Socio-economic causes of radicalisation
“Al Sunnah wa Jama’ah members tend to be socio-economically marginalised young people, without a decent education or formal employment,” said Sheik Habibe Saide, Joao Pereira and Salvador Forquilha, academics at Mozambique’s Maputo University who have been studying the Islamist group, in an interview with AFP.
These disadvantaged “locals” have been joined by “young immigrants looking for opportunities”, “religious leaders educated abroad” and “local merchants”, the academics added. Members of the Islamist group mark their difference from the country’s mainstream Muslims – who comprise 17 percent of the Mozambican population – with shaved heads, beards and white turbans.

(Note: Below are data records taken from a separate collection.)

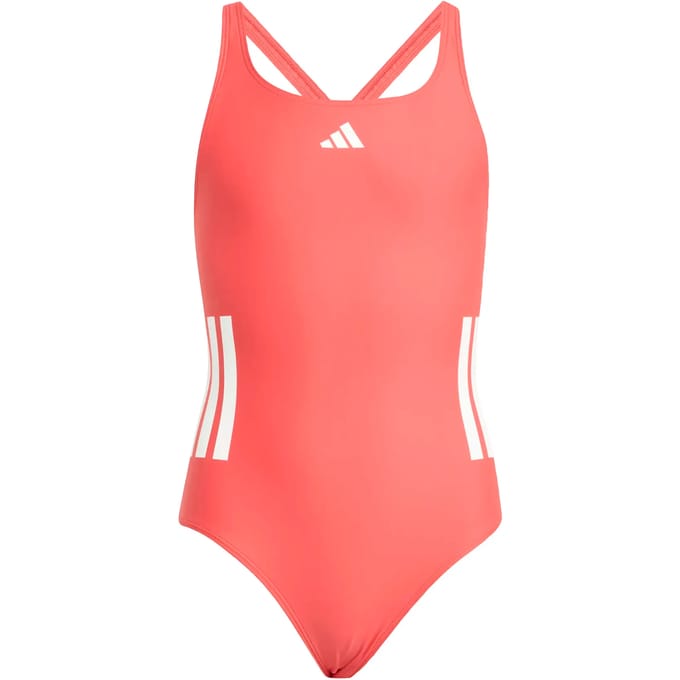 Adidas Performance 3-Stripes C-Back Badpak Kids - Kinderen - Rood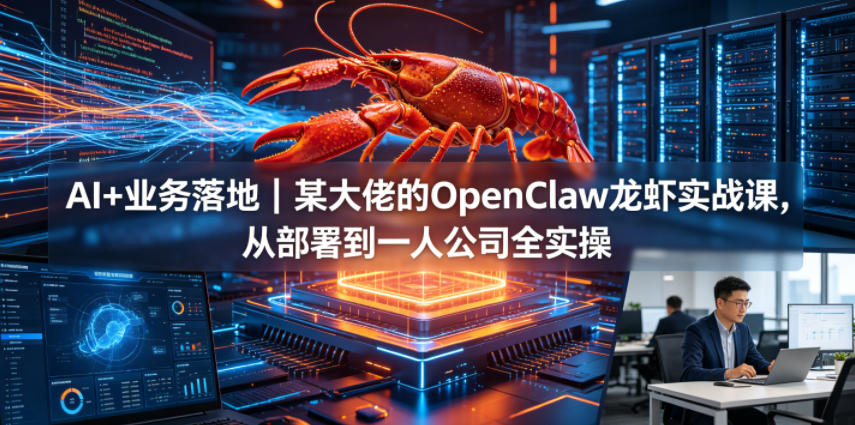 AI+业务落地|某大佬的OpenClaw小龙虾实战课,从部署到一人公司全实操-蜗牛学社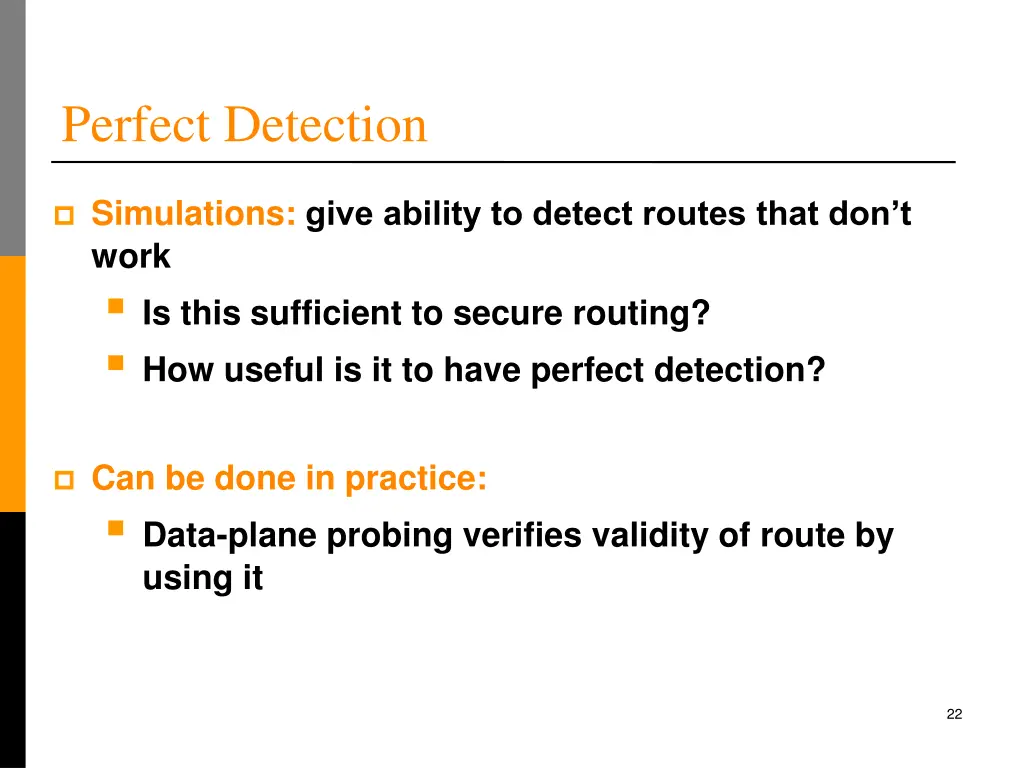 perfect detection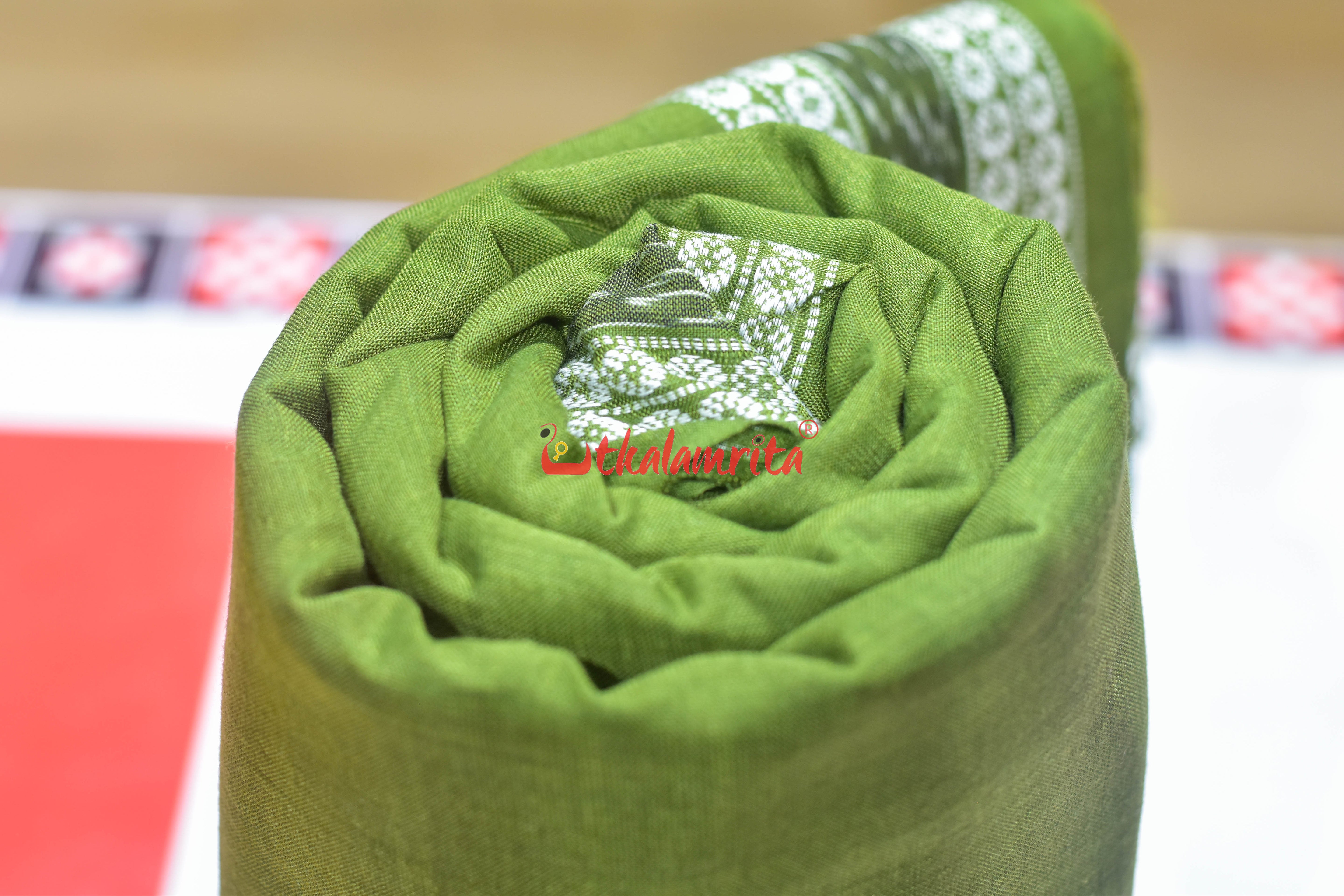 Mehendi With Ikat Border (Fabric)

“The birth of Al Sunnah wa Jama’ah is very similar to what was seen with Boko Haram in Nigeria,” commented Éric Morier-Genoud, senior lecturer in African history at Queen’s University Belfast, in an article for news website The Conversation. “It started as a religious sect which transformed into a guerrilla group,” he continued.
The group’s objective seems to be “to impose sharia law, a goal that’s perfectly consistent with their attacks on symbols of the government’s presence”, said Nick Piper, director of the Signal Risk consultancy firm, speaking to AFP. However, Al Sunnah wa Jama’ah has not made any political demands.
The three Maputo University academics believe that tribal politics have played a significant role in the radicalisation of Al Sunnah wa Jama’ah members. “Most of them are from the Kimwani ethnic group, while President Filipe Nyusi and many prominent political and military figures belong to the Maconde tribe.”
Even though Mozambique’s government has denied this, Al Sunnah wa Jama’ah members have links with the al-Shabaab militant group, many analysts say.
The Somalian jihadist organisation provides some of the funding for the nascent Mozambican group, which mostly comes from the “illegal trade of precious stones, drugs and timber”, observed Alex Vines, head of the Africa Programme at Chatham House think-tank in London, in an interview with AFP.
Dealing with Al Sunnah wa Jama’ah will “require more education, more jobs and better integration of young Muslims – not just a repressive response to stop attacks,” Sheik Habibe Said warned.
Éric Morier-Genoud proffered a similar analysis. “Going for an all-out repression to eradicate the “Islamist threat could radicalise other Muslims and root the problem deeper and more widely,” he added.
That said, some religious figures have accused the Mozambican government of not responding forcefully enough to the threat from Al Sunnah wa Jama’ah.